=== Your goal ===
After locating the line that bears "тгк Волжский", restate word for word that line and the rest of the listing to its final line, excluding all pictures.

── Raw data ──

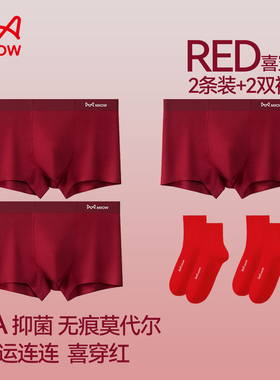 MiiOW/猫人酒红色男士内裤莫代尔透气平角四角底裤结婚本命年短裤
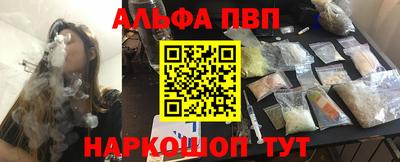 тгк Волжский
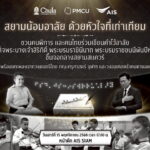 จุฬาลงกรณ์มหาวิทยาลัย-สำนักงานทรัพย์สินจุฬาฯ - เอไอเอส ร่วมจัดกิจกรรมเนื่องในวันคนพิการแห่งชาติ “สยามน้อมอาลัย ด้วยหัวใจที่เท่าเทียม”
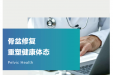 产后科学骨盆矫正，助力妈妈们重塑健康体态！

───

=== Answer section ===
 тгк Волжский
 จุฬาลงกรณ์มหาวิทยาลัย-สำนักงานทรัพย์สินจุฬาฯ - เอไอเอส ร่วมจัดกิจกรรมเนื่องในวันคนพิการแห่งชาติ “สยามน้อมอาลัย ด้วยหัวใจที่เท่าเทียม”
 产后科学骨盆矫正，助力妈妈们重塑健康体态！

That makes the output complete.